-

Document Relation System Based on Ontologies for the Security Domain

Janine Hellriegel

Hans Georg Ziegler

Ulrich Meissen

0 0 Fraunhofer Institute for Open Communication Systems (FOKUS) , Kaiserin Augusta Allee 31, 10589 Berlin , Germany 1 Janine.Hellriegel , Hans.Georg.Ziegler, Ulrich.Meissen

Finding semantic similarity or semantic relatedness between unstructured text documents is an ongoing research field in the semantic web area. For larger text corpuses often lexical matching - the matching of shared terms - is applied. Related sematic terms and concepts are not considered in this solution. Also documents that use heterogeneous perspectives on a domain could not be set into a relation properly. In this paper, we present our ongoing work on a flexible and expandable system that handles text documents with different points of view, languages and level of detail.

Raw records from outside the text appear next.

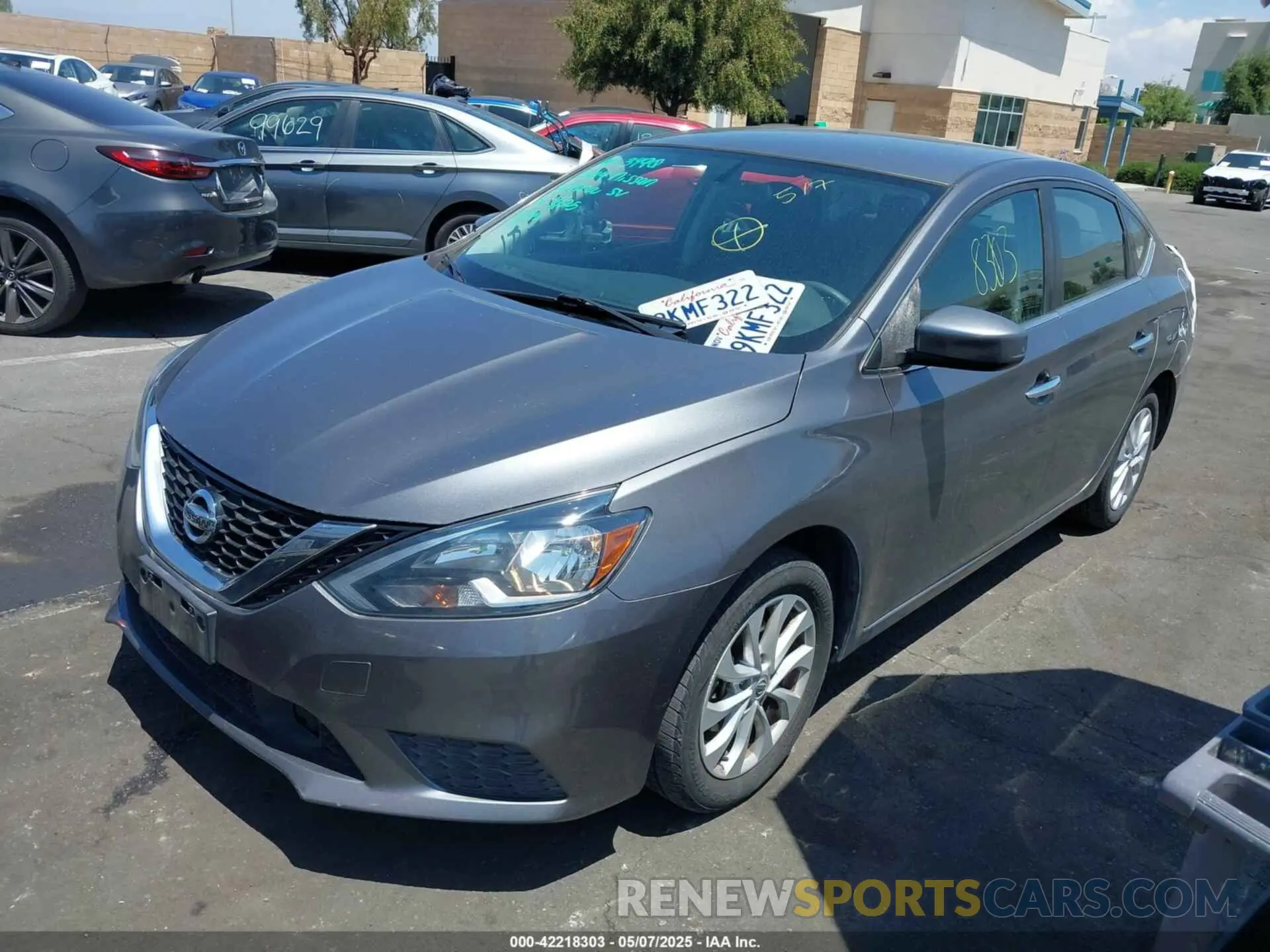 2 Photograph of a damaged car 3N1AB7AP6KL612618 NISSAN SENTRA 2019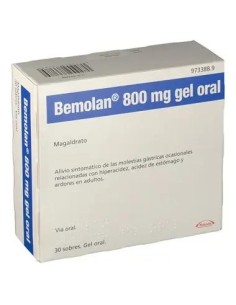Bemolan 800 mg Gel 30 Sobres 2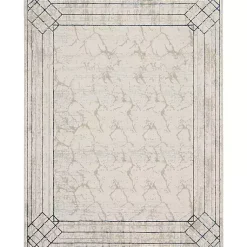 Kirklands Home Art Deco Bordered Area Rug, 7x9 Ivory Discount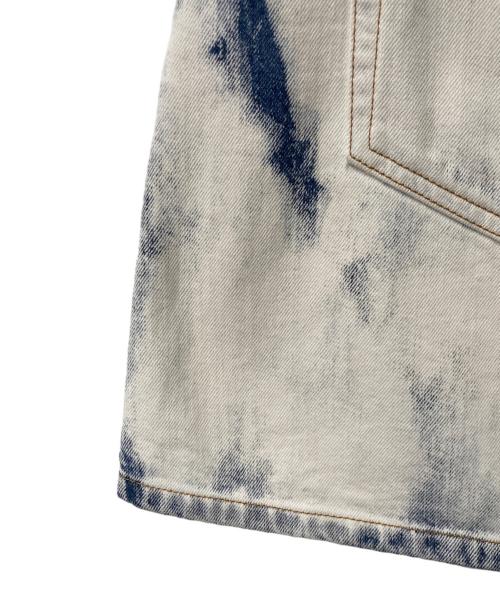 DIESEL（ディーゼル）DIESEL (ディーゼル) ミニデニムスカート ホワイト×シルバー サイズ:W.25の古着・服飾アイテム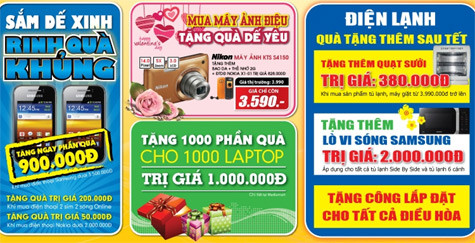 Nhiều phần quà hấp dẫn cho khách hàng khi đi mua sắm tại Media Mart.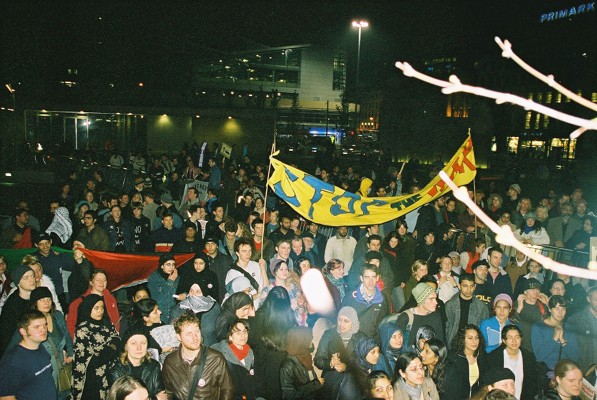 More pics - Manchester Anti war protests 31st Oct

The system is presented in the security domain but could be adapted to other domains. The decision making process is transparent and the result is a ranked list.

The amount of available information in the Internet is growing day by day. It is difficult to keep an overview of relevant data in a domain, especially if different kinds of views on the same topic are considered. An expert is using different words and level of detail in contrast to a normal user, but they describe exactly the same concept. Having a database consisting of documents authored from people with different levels of expertise, language skills and ambitions imposes a big challenge on a semantic search algorithm. The usage of long texts as search input enables a wider range of search terms, which is the foundation to detect a larger spectrum of documents. The relevant results are documents related to the input query text document. A basic method to compare two text documents is the vector space model [ 2 ], which relates the text similarity to the amount of similar words. However, semantically related words are not considered. Knowledge based similarity measures use lager document corpuses and external networks like WordNet or Wikipedia to analyze co-occurrences and relations. An overview of theses techniques is presented in [ 3 ] but most of the methods just work for a couple words as search query. Although all documents affiliate to one domain (e.g. the security domain) lexical matching and knowledge-based measure don't retrieve a sufficient number of related documents. Another measure, the Ontology based matching includes concepts and heterogeneous relations. Wang [ 7 ] proposes a system to relate documents using the concepts found in WordNet. But the measurement step still depends on words and heterogeneous concepts could not be related. In the security and safety domain only specialized ontologies exist [ 5 ], [ 6 ], that mainly focus on the security of information systems. An attempt to combine different ontologies was made by [ 1 ] but could not express the diversity of the domain also addressing e.g. security of citizens, infrastructures or utilities. As the mentioned references show, a system that searches for related text documents in a clear and traceable way is not yet developed. At the moment no ontology exists that would match the terminology of the whole security domain. Therefore a new, more general, ontology as well as a general system are developed. 2

System of Semantic Related Documents

The fundament to measure semantic relatedness between two documents are terms. A terminology is built, which is used to compare all documents quickly and determine their relations. The whole system is divided into three steps. Figure 1 displays an overview of the whole system.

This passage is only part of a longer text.